Jack Finch

Personal information
- Full name: John Finch
- Date of birth: 3 February 1909
- Place of birth: West Ham, Essex, England
- Date of death: 15 November 1993 (aged 84)
- Place of death: Worthing, England
- Height: 5 ft 7+1⁄2 in (1.71 m)
- Position: Winger

Senior career*
- Years: Team / Apps / (Gls)
- Walthamstow Avenue
- 1930–1946: Fulham / 280 / (50)
- → Brentford (guest)
- → Crystal Palace (guest)
- 1946: Colchester United / 3 / (0)
- Total:  / 283 / (50)

Managerial career
- 1949: Nigeria
- 1950–1952: Valur

= Jack Finch (footballer, born 1909) =

English footballer and manager

John Finch (3 February 1909 – 15 November 1993) was an English professional footballer and manager who played as a winger in the Football League for Fulham, where he made over 280 appearances, and was the first manager of the Nigeria touring team. He also spent two years managing Icelandic side Valur.

Finch's entire professional playing career was spent with Fulham. He joined in 1930 and remained with the club for 16 years, throughout World War II. He made 295 appearances for the club between 1930 and 1939, and made a further 72 appearances during the war years. He also guested for Brentford and Crystal Palace during this time. He had a brief stint with Colchester United following the hostilities.

Finch was the first coach of the Nigeria national team, taking charge of the side in 1949 for their tour of England, in which they played a number of friendlies against varying opposition. He later managed Icelandic side Valur between 1950 and 1952.

==Playing career==
Born in West Ham, Finch began his career at Walthamstow Avenue. He was invited for a trial at Aston Villa in 1929, but he eventually signed for Fulham as an amateur in October 1930. Just one month later, Finch had signed a professional deal with the club. During Finch's second season with the club, he earned a medal when Fulham lifted the Third Division South championship in the 1931–32 season. Finch played in 15 FA Cup ties for the Cottagers, which included the 1935–36 semi-final defeat to eventual runners-up Sheffield United. Finch would go on to make 280 league appearances and score 50 goals, and as such was the only player to feature in every season in the 1930s. With the outbreak of World War II, Finch continued to play for Fulham during the war years, racking up a further 72 wartime league appearances. He also made guest appearances for Brentford and Crystal Palace.

Finch signed for Southern League club Colchester United on 8 August 1946. He made just three appearances for Colchester in August and September 1946.

==Managerial career==
Finch was the first coach to the Nigeria touring team in 1949. Meeting his players at Liverpool docks, he took charge of the group for their first training session ahead of their first match against Marine. His side won 5–2, and won further games against Dulwich Hamlet and Bromley.

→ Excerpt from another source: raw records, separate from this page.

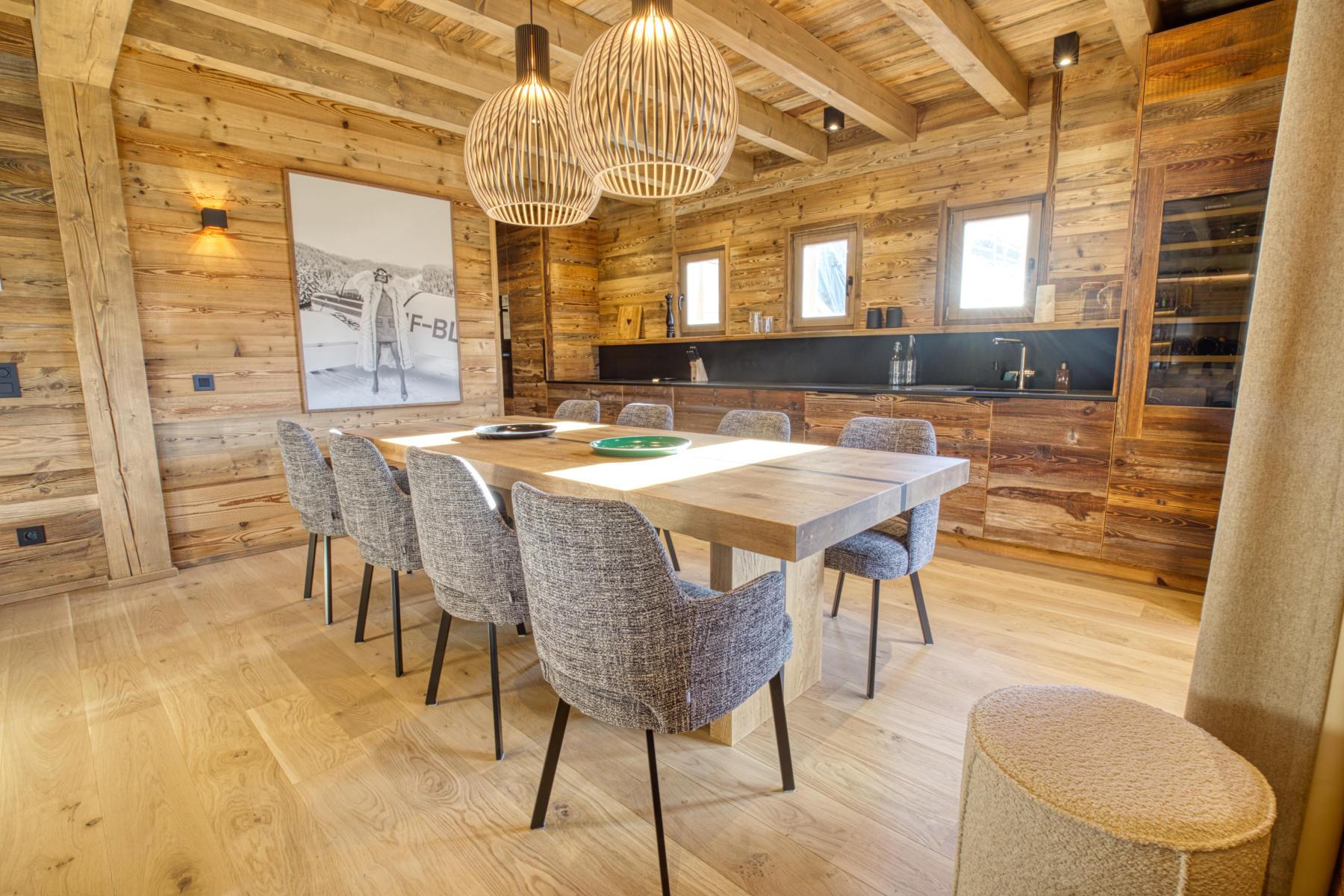 location-chalet-Crest-Voland-8-personnes-3123-2-Alpissime location-chalet-Crest-Voland-8-personnes-3123-2-Alpissime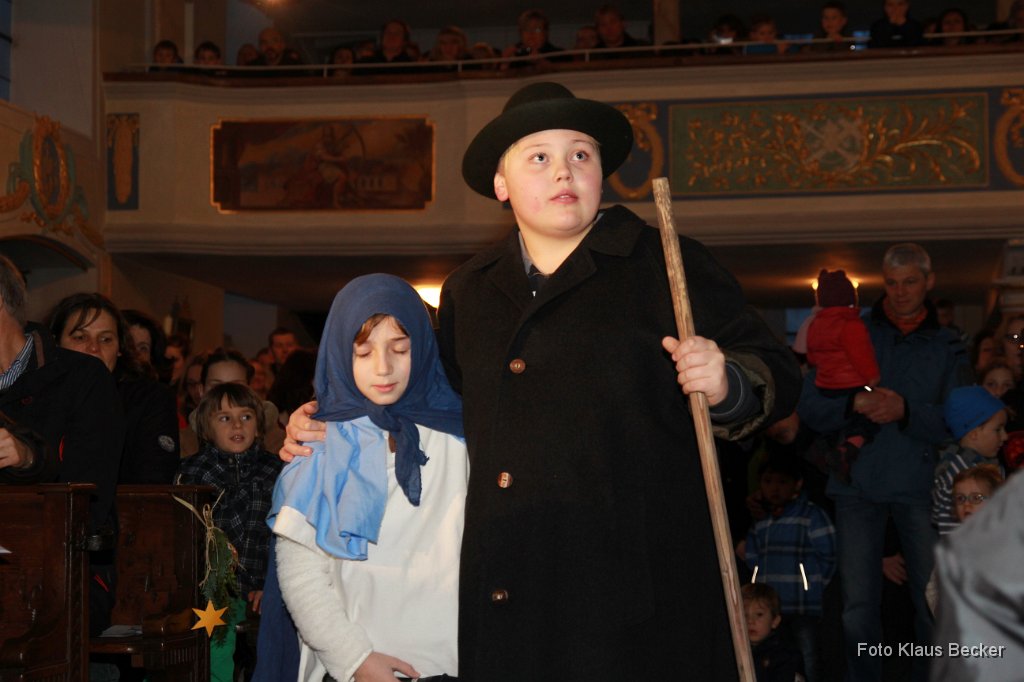 2013-12-24_011_Kinder-Christmette_KB.jpg
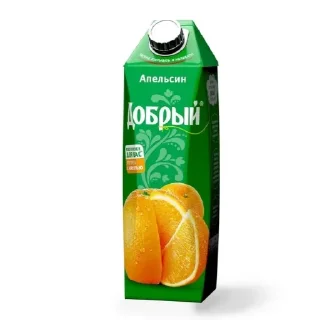 👍 emoji Союз кваса, сока,чая и воды Telegram sticker 5 of 14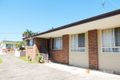 Property photo of 1/2 Arthur Drive Wyong NSW 2259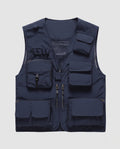 Product 16014414315850 - product_only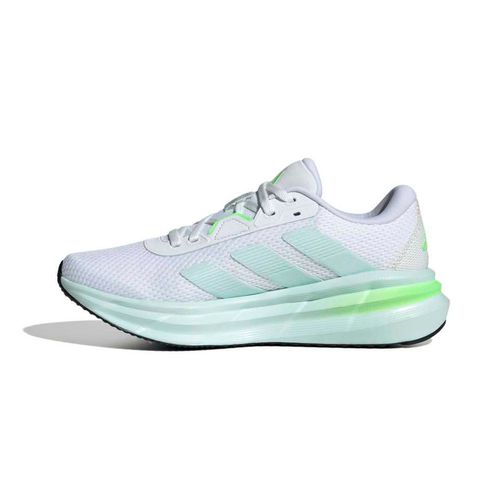 Zapatillas Mujer adidas Galaxy 7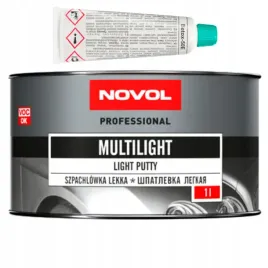 novol-multilight-szpachla-szpachlowka-lekka-1-l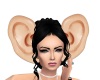 Big Ears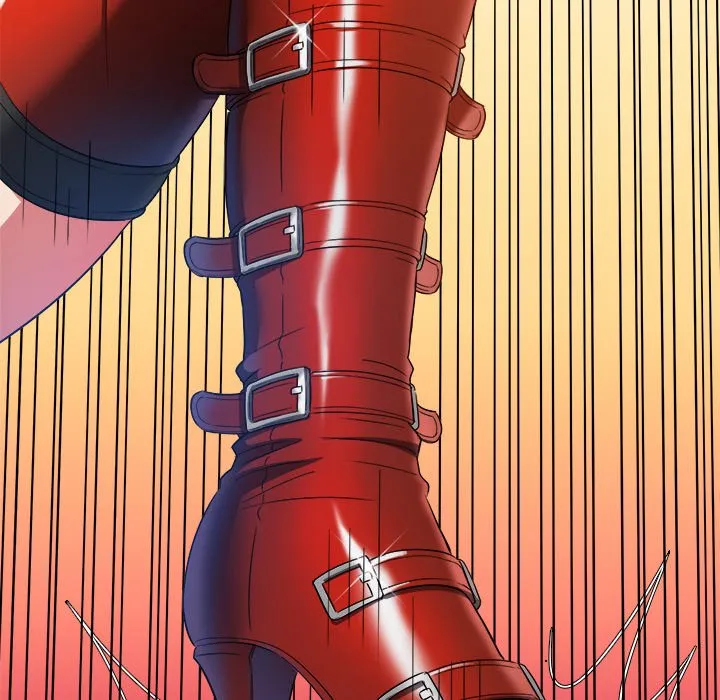 107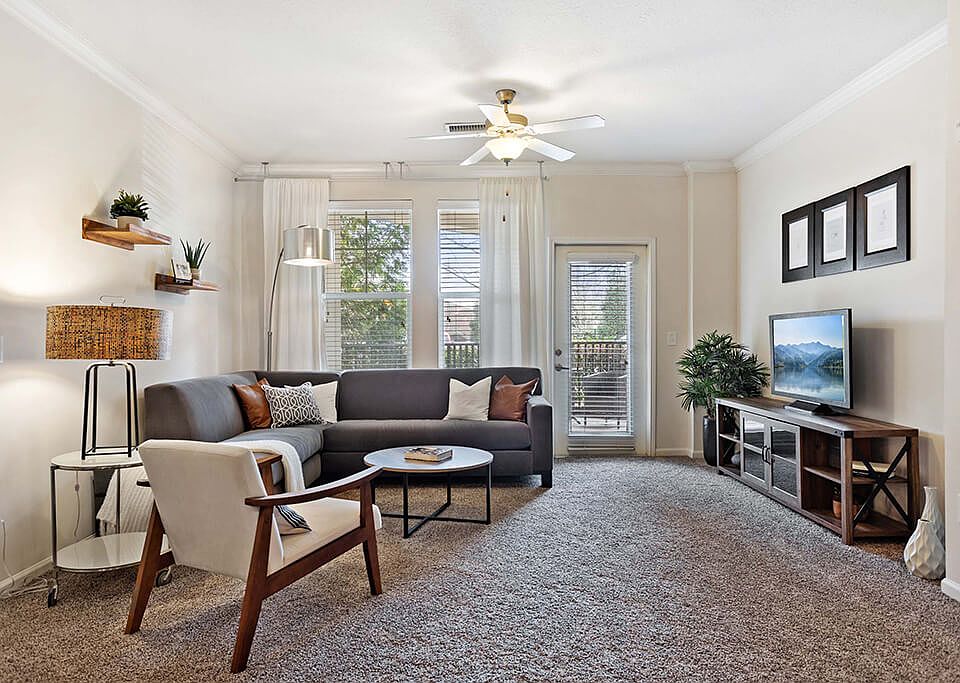 tapestry-park-728-tapestry-park-loop-chesapeake-va-zillow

They drew twice against a Corinthian League XI and South Liverpool, but lost to Bishop Auckland, Leytonstone, an Isthmian League XI and an Athenian League XI. His side played many of their games barefoot.

Finch later coached Icelandic team Valur between 1950 and 1952. He later became a freelance reporter in the West Ham area, before taking up a driving job in the Lowestoft area.